父亲在世时,大人都说我面黄肌瘦,大眼晴大肚子,不过是确实 顾不上我罢了,救病人要紧。

父亲去世后,我的身体更差,光害病。

一次,我在伯父家死吃了一顿,牛肉煨汤,肚子立马鼓得像个汽泡鱼,那个滋味,比饿着更难受。

母亲怪我不该苕吃哈胀,伯母就叫我在竹床上蹦跳着玩,跳一下跳饿了就好了的。

我记得当时是热天,我只是在竹床上走去走来,根本不能跳。后来,即使偶尔有点合口味的,母亲绝不让我多吃。

禁嘴也不是办法,有时病得躺下了,母亲就慌了手脚,在帮人家做猪毛,棺材钱还没有还清的情况下,又给我买燕窝吃。

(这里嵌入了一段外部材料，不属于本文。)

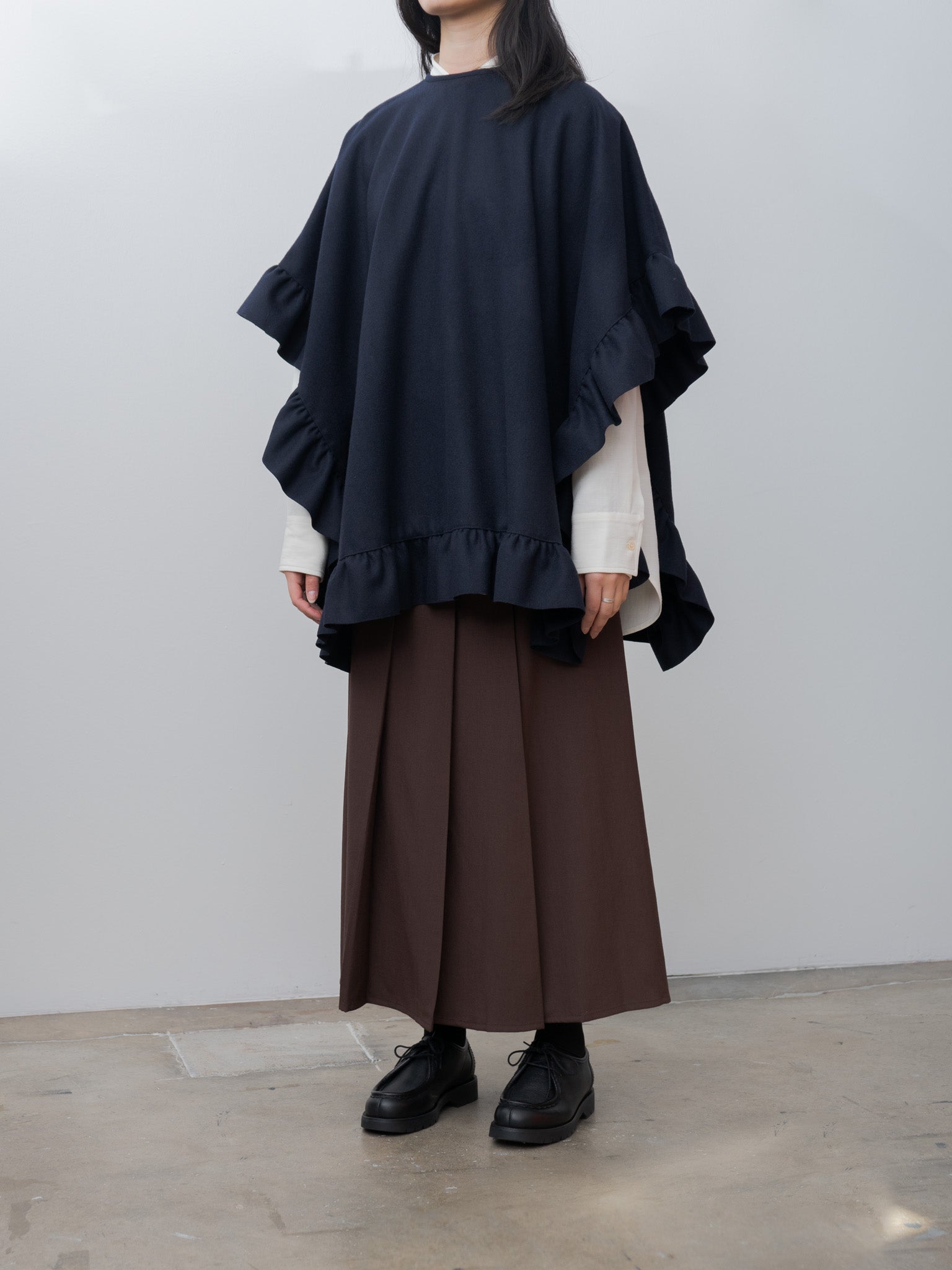 Namu Shop - Eleph Rose Ruffle Cape - Navy Wool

病好后能起床到处跑到处玩了,母亲就带我到左港外婆家去治病。

外婆也是孤儿寡母的,不过舅舅陈文双有一二十岁了,在左港小 集镇上做点豆腐生意。

夏天的中午,母亲带着我走一二十里路,路上,我光要屙。一到外婆家,旧病复发,我整天躺在磨子旁的个木竹床上。每天吃中药,苦死人,我怕医生来,就恨外婆,恨母亲灌我喝药。

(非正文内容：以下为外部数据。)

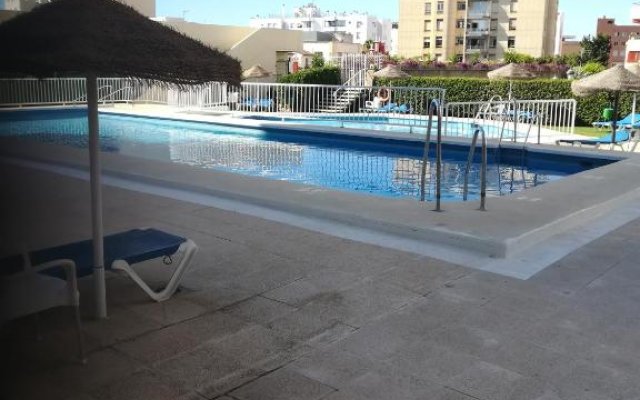 2 Dormitorios, 5 personas, Piscinas, 10 min Playa, Plaza La Nogalera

一天下午,屋里一个人也没有,豆腐贩子送来一扎钱,都是一百块二百块一千块二千块的零钱(旧制币)。

贩子叫我交给外婆,他走后,半天没一个人回,我又怕事,天也快黑了,想起来喝水也病得动不了。我就撕钱玩,撕得细细的,往天上吹,吹累了就往天上抛。

三个大人回家点上灯一看,一地的碎钱。那一下可热闹了,问我是哪里来的钱?为什么都撕了?但没有一个人打骂我,我也死不做声。

当时,捡的捡钱,粘的粘钱,来看把戏的,议论的,忙了半晚上。

在左港,病诊好后,母亲怕我走远路又翻了病,请了一辆红车,推到姚塆老外婆家歇脚。

老外婆(我外婆的母亲)八十多岁了,接着我娘俩哭了一场,不让我们走。母亲一刻也不能耽误,将我留在姥姥家,就当天到汉口三五 O 六被服厂做工去了。

从此,我就天天坐在门前大塘边稻场上的个石磙上,瞄着母亲去汉口的方向,盼母亲回来接我回连岗。我想祖母,想福哥,想吃伯母煨的汤。

一天,我正在石磙上,与平时一样玩耍,等待母亲的出现,见一个妇女在塘边洗菜,我走拢去,猛地把她推到塘里去了,是后面来挑水的一个男将将她救起的,一下子,塆里聚了一群人把我围住,问我为什么要推她?我也是死不做声,但没有一人打我,姥姥一个劲地骂我是猪。(直到后来我读中学时去姚塆,认识我的人就说猪来了。)

母亲从汉口回姚塆来看我时,听到这事,就把我送回连岗。我远 远一看到连岗的塆子,就觉得很快活。

一进家门,见堂屋东边的织布 机下睡着一只白毛老母狗,正好又见桌上有一把篾刀,我拿起刀来朝 狗尾巴一刀剁去,狗子叫着跑了,狗尾巴还没剁断,血流了一路。

伯父见了只是笑着问我,为什么要剁,我还是死不做声。可一旁的母亲几近绝望的声音说了一句:“这伢病苕了!”